In the organic layer, the 137Cs concentration decreased by 28–86% over the 4–5 years at all the plots except KU1-H (Fig. 3). Exponential decreasing trends were clearly observed at some plots (KU1-S, OT-S, TD-S, TB-H, OT-Q, and OT-P). In the surface mineral soil layer (0–5 cm), the concentration of 137Cs increased by 43–82% over the five years at six (KU1-S, KU2-S, OT-S, TB-H, OT-Q, and OT-P) of the nine plots (Fig. 3). Regarding annual changes, the 137Cs concentration in the surface mineral soil layer at some plots increased rapidly from 2011 to 2012 and then levelled off or fluctuated in later years (Soil 0–5 cm in Fig. 3). In deeper mineral soil layers (below 5 cm), the concentrations of 137Cs did not show clear temporal trends at almost all plots, with the exception of TD-S (5–10 cm and 10–15 cm), OT-S (10–15 cm and 15–20 cm), and OT-Q (5–10 cm and 15–20 cm), where increasing trends were observed (Fig. 3). In particular, after applying the decay correction to March 11, increasing trends were observed in deeper soil layers at some plots, which suggests that 137Cs continued to migrate very slowly to deeper soil layers during the five years, although this migration was very minor compared to the rapid migration during the first half year after the fallout.

Radiocesium inventories

Figure 4 shows temporal changes in the 137Cs inventory in the aboveground compartments (needles/leaves, branches, bark, and wood), organic layer, and mineral soil layers at each study plot. The 137Cs (and 134Cs) inventory of each component is shown online in Supplementary Tables S2 and S3 of the supplementary information section.

Figure 4

Time series of the 137Cs inventories in the aboveground compartments, organic layer, and mineral soil layers at each study plot. Error bars denote the SDs of aboveground and belowground 137Cs inventories.
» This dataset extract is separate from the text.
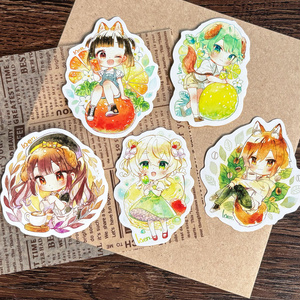 豆色紙】量産型スペーシーガール（イラストオーダー） - レトロ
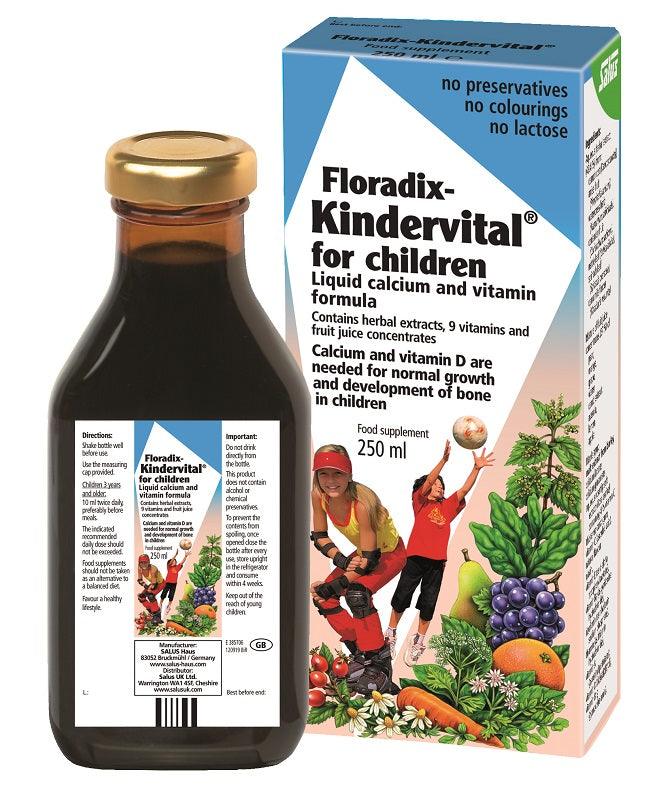 Salus Floradix Kindervital for Children 250ml - Approved Vitamins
The aboveground compartments retained the highest percentage of 137Cs in 2011 (18–52% of the total 137Cs inventory) and then decreased in subsequent years in each plot (to 1.0–7.0% in 2015; Supplementary Tables S2 and S3). This rapid decline in the 137Cs inventory of aboveground compartments was mainly due to decreases in the needle and branch inventories, which retained more than 80% of the 137Cs initially deposited in the aboveground compartments in 2011 (Supplementary Tables S2 and S3). The 137Cs inventory in wood accounted for less than 1% of the total 137Cs inventory at all the plots except TB-H (<2%) in 2015 (Supplementary Tables S2 and S3). The proportion of the aboveground 137Cs inventory was higher at sites KU1, KU2, and TB (4–7% in 2015) than at sites OT and TD (1–2%) (Supplementary Tables S2 and S3). The decrease in the aboveground 137Cs inventory was most significant from 2011 to 2012 (Fig. 4). In particular, the 137Cs inventory in the aboveground compartments decreased to 4% in 2012 at the mixed forest plots (OT-Q and OT-P), representing a more significant decrease than the decrease to 9–29% at the Japanese cedar and hinoki cypress plots (Supplementary Tables S2 and S3). The faster rate of decline observed at the mixed forest plots was mainly attributed to the significant decline in the 137Cs concentration in the Japanese red pine needles (Fig. 2). By contrast, the 137Cs inventory in the aboveground compartments remained approximately stable at the broad-leaved forest plot (KU1-Q), where the proportion of the 137Cs inventory in leaves remained consistently low (0.2–0.5% of the total 137Cs inventory; Supplementary Tables S2 and S3). Consequently, the 137Cs percentage in the aboveground compartments was comparable after 2013 among the different forest types at KU1 (Fig. 4).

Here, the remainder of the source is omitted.